Wednesday, June 05, 2013

It's always a gas watching television programs that were produced before the Great Emasculation of the seventies, and BOURBON STREET BEAT's no exception. Part of the ABC prime time lineup from back when the perennial third-rate network was trying to climb outta the gutters with the help of Warner Brothers, BOURBON STREET BEAT didn't help 'em out too much being but a one-season wonder but the shows they left (at least evidenced by the ones appearing on a disque sent courtesy Bill Shute) were certainly top notch settle down entertainment for the era.
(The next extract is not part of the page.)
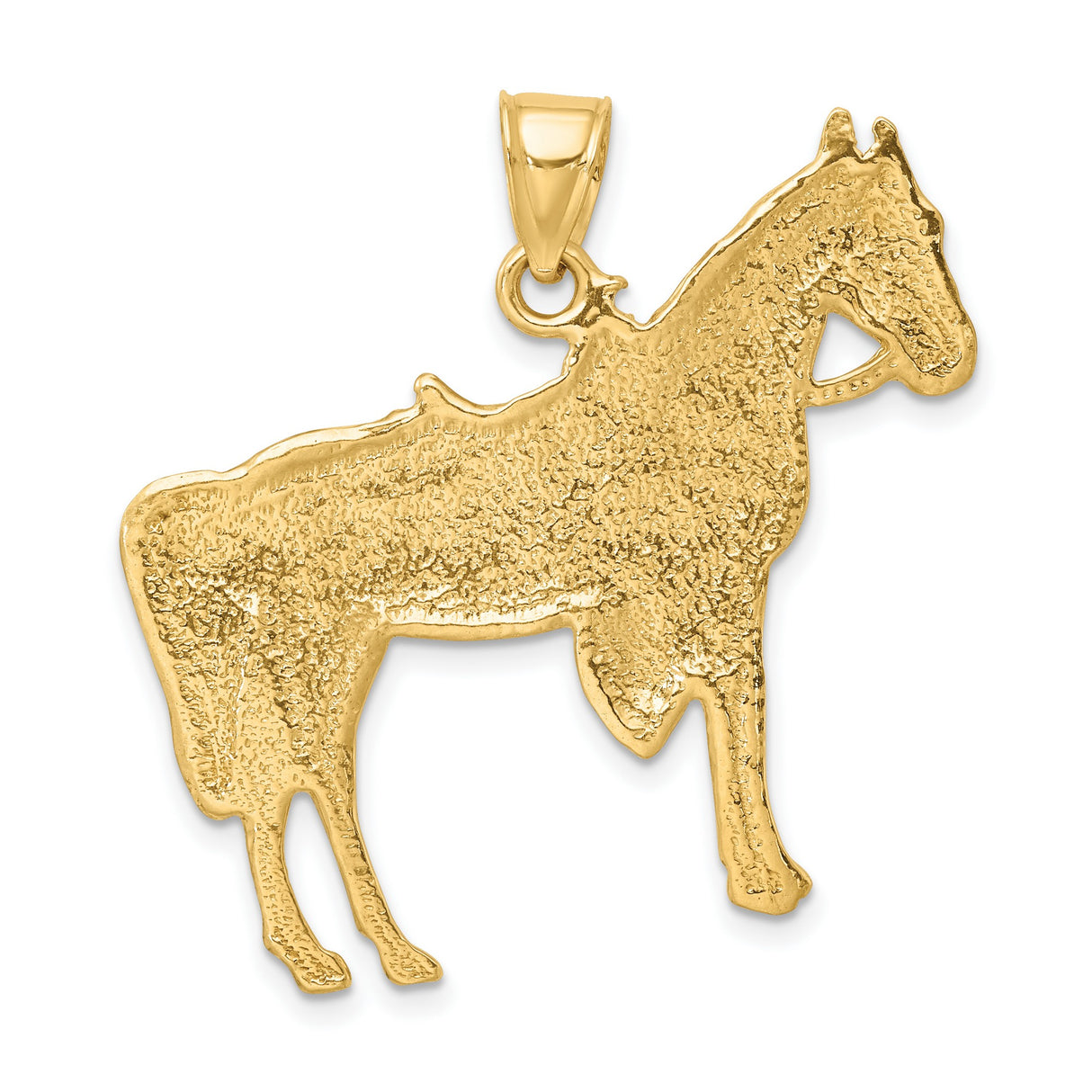 14k Yellow Gold Horse Pendant with Saddle and Bridle, Western Equestrian Charm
Basically part of the same WB formula as their other detective seriess such as HAWAIIAN EYE, 77 SUNSET STRIP, THE ROARING TWENTIES and of course that hunka hunk winner SURFSIDE SIX, BOURBON STREET BEAT took place in the typically exotic (but kinda rundown-looking if you ask me) locale of New Orleans and basically featured a carbon-copy patented Warner Brothers detective show cast with Andrew Duggan as the older and perhaps more wizened Cal Calhoun and Richard Long as his good looking and younger partner Rex Randolph. Van Williams as Kenny Madison was clearly the Kookie of this batch while Arlene Howell as secretary Melody Lee Mercer was basically Jacqueline Beer without the French accent or switchboard for that matter.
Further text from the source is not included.